It is a general and indisputable rule of law that the- principal may revoke and the agent may renounce the latter’s appointment at will and at any time, without committing any breach of ■ the contract of agency and without incurring any liability for damages. There are exceptions to this rule, as where the agent acquired an interest, not [499]*499in the fruits or profits of the thing, but in the thing itself which is the subject-matter of the agency. Hunt v. Rousmanier, 8 Wheat. 175, 203, 5 L. Ed. 589. Rut the agents acquired no such interest in this case, and it is useless to consider or discuss this or other exceptions that are equally inapplicable. In view of the general rule, which has been stated, parties who intend that their contracts of agency shall exist for definite times embody in their contracts express provisions that they shall continue for specified terms, and the absence of such a provision in a contract of agency raises a strong presumption that it was an agency at will.

Counsel argue that the provisions of this^ contract that it should terminate (1) 30 days after the agents failed to transmit due or demanded funds, policies, or receipts, (2) when the authority of the company to operate in Kansas should terminate, and (3) for just and reasonable cause on 30 days’ notice, show that the parties intended to agree, and, therefore, did contract by implication, that the contract of agency should be permanent.
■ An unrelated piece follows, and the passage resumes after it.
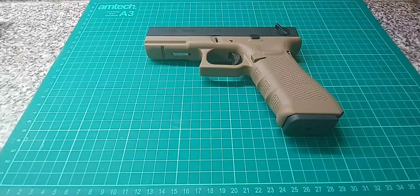Hello again. Another airsoft gun this time. This is the WE GLK 18C Tactical, or to the rest of us, a Glock 18C.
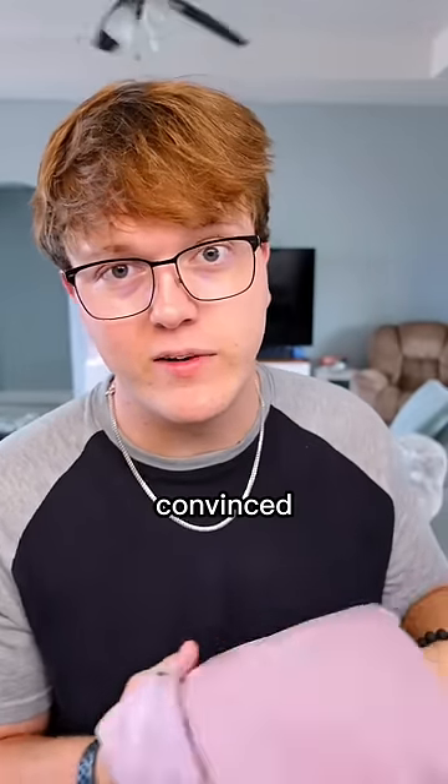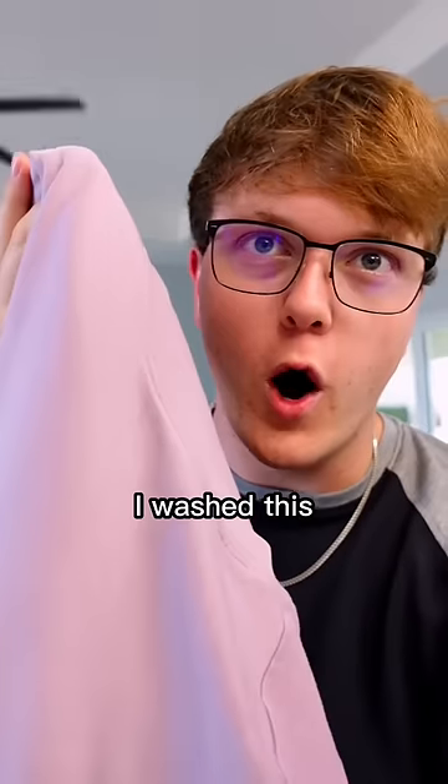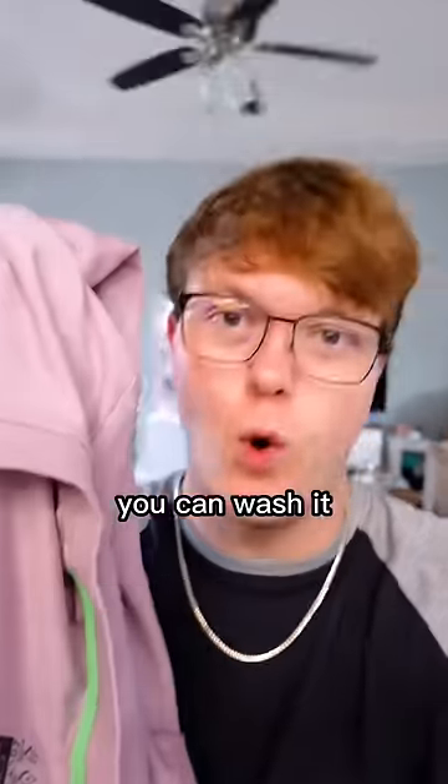I just got one of those shirts that claims to be extremely stain proof. Like you pour red wine on it and it doesn't stick at all. And I'll be honest, I'm not convinced, so we're going to try it. Also, before we do anything, I wanted to mention that I washed this. So if it doesn't work, that's probably why. I'm not sure if you can wash it or not.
There is persuasive force in this contention; but there are other considerations not less convincing. The basic rule for the ascertainment of the true meaning of a contract is to examine all its terms in the light of the situation of the parties when it was made, and to deduce from them the true intention of those who signed it. This agreement contained stipulations that the agents “shall devote their time and best energies to the service of said company,” and “pay all the expenses of conducting the business transacted under the terms of this contract,” but no provision that they shall continue to do so during the term of their natural lives or during any other specified time. Did the plaintiffs intend by that contract to undertake through health and sickness, through profitable and unprofitable business, through fortune and misfortune, to pay the expenses of and to devote all their time and energies to the insurance business of the defendant in Kansas during the term of their natural lives and to subject themselves to damages for a failure to do so? The question is susceptible of but one rational answer. They must have intended to reserve their right, at their own free will and without liability for damages, to renounce this agency whenever the unprofitableness of its business, the superior inducements of other business, or occupation or location, or the health or comfort of themselves or their families, should convince them that it was either their duty, their interest, or their pleasure so to do; and if they had renounced the agency at any time for any of these reasons no court could have sustained a judgment against them for a breach of their contract. Their right thus to renounce was impliedly reserved to them in the contract, and the defendant took the chances of their exercise of it when it made the agreement without any stipulation that they should serve it for a definite time.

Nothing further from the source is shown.